Outdoors

University of Puget Sound rowers finish 2,300-mile Mississippi River expedition

University of Puget Sound instructor Jordan Hanssen, from left, and recent graduates Sam Friedman, Eric Nathanson, Calli Vasatka and Audra Tromly pose for a picture Thursday after completing their 2,300-mile row of the Mississippi River. The device at the bow of the boat was used to shoot images for Google Maps.
University of Puget Sound instructor Jordan Hanssen, from left, and recent graduates Sam Friedman, Eric Nathanson, Calli Vasatka and Audra Tromly pose for a picture Thursday after completing their 2,300-mile row of the Mississippi River. The device at the bow of the boat was used to shoot images for Google Maps. Courtesy

Four recent University of Puget Sound graduates and their instructor spent Thanksgiving evening on a sandbar at the mouth of the Mississippi River. They dined on sausage, sweet potatoes and vegetables as they celebrated completing a 2,300-mile trip that was the culmination of a new course at UPS.

Sam Friedman, Eric Nathanson, Audra Tromly and Calli Vasatka rowed the river from its source in Minnesota to the Gulf of Mexico. Along the way, they collected data for scientists, spoke to more than 4,000 students and shot images for Google Maps.

“I’m still processing that we’re finished,” Audra Tromly said of the expedition that started in mid-August. “… It’s very exhausting and very empowering.”

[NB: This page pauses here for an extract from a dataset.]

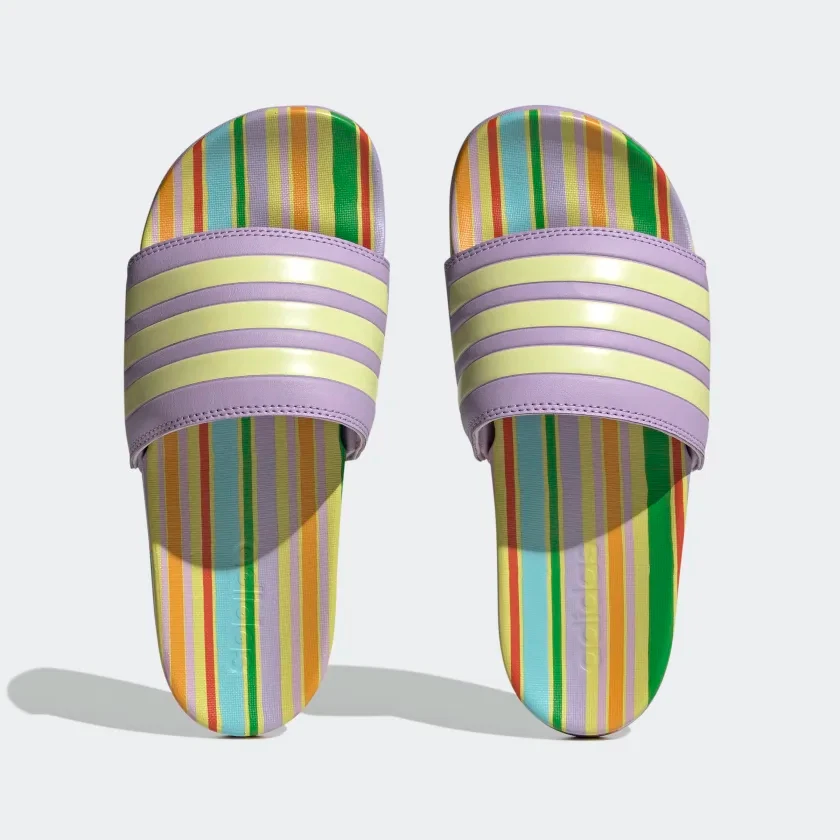 Adidas Slides a righe Adilette comfort tempo libero donna taglia 9 10 11 H03625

The course, taught by adventurer Jordan Hanssen, started in January with a class on the history, science and effect of the Mississippi River. Members of the eight-student class who didn’t row helped manage the expedition from shore.

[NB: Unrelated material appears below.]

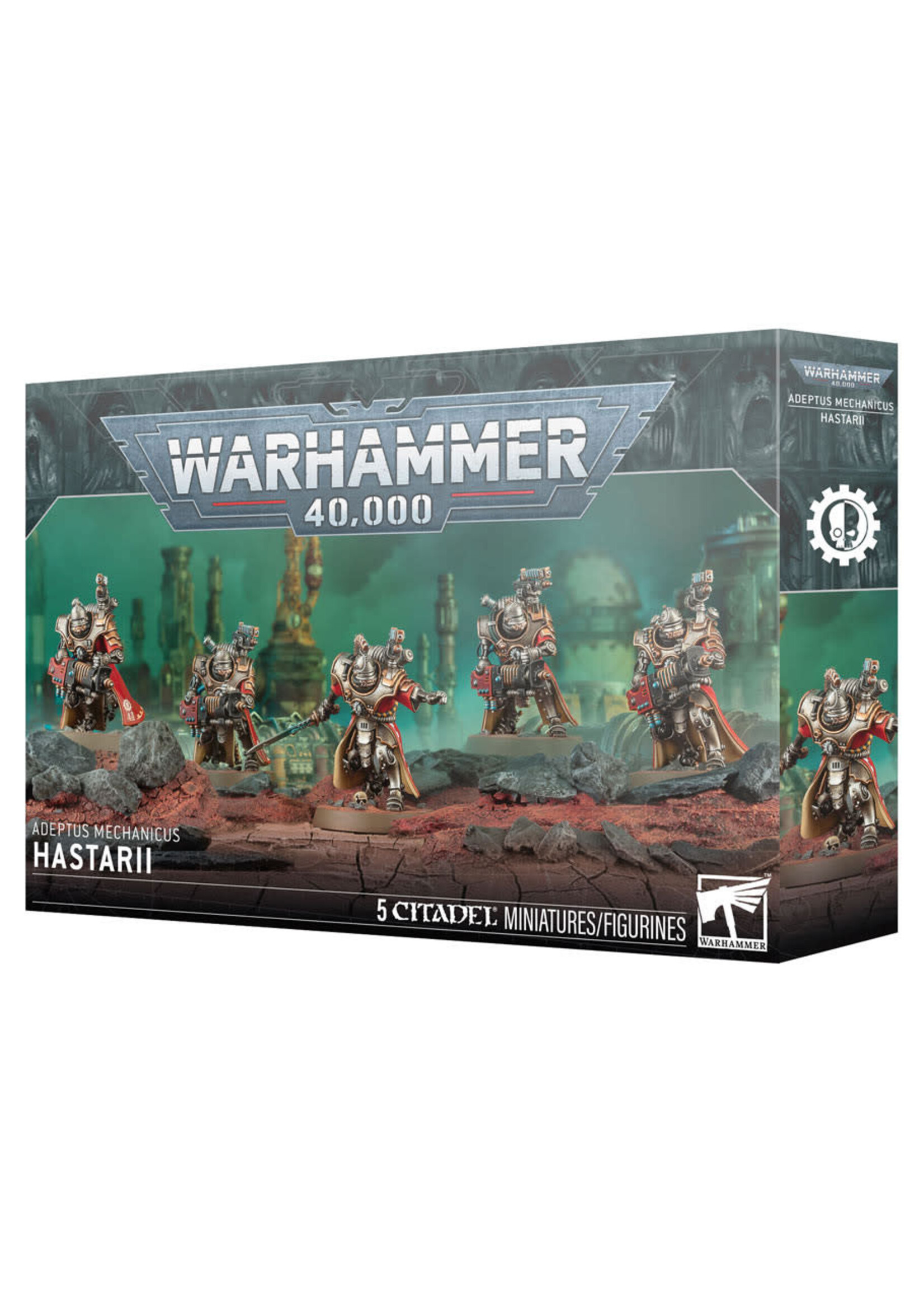 Games Workshop Adeptus Mechanicus: Hastarii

Hanssen, a UPS graduate, previously rowed the Mississippi in 2014 to set the foundation for the course. Nathanson was the only member of the expedition who was not a member of the UPS crew team.

The rowers awoke at 2 a.m. Thanksgiving to row the final 54 miles to the gulf. Friday, they rowed 22 miles back up the river to the closest road. They spent Saturday cleaning their boats and gear. They plan to make several more school visits in Louisiana before returning home to write their final report on the trip.

Once they return home, the rowers will start working to launch their careers. While they don’t yet have any job prospects, Tromly said, they’re hopeful their summer adventure will look good on their résumés.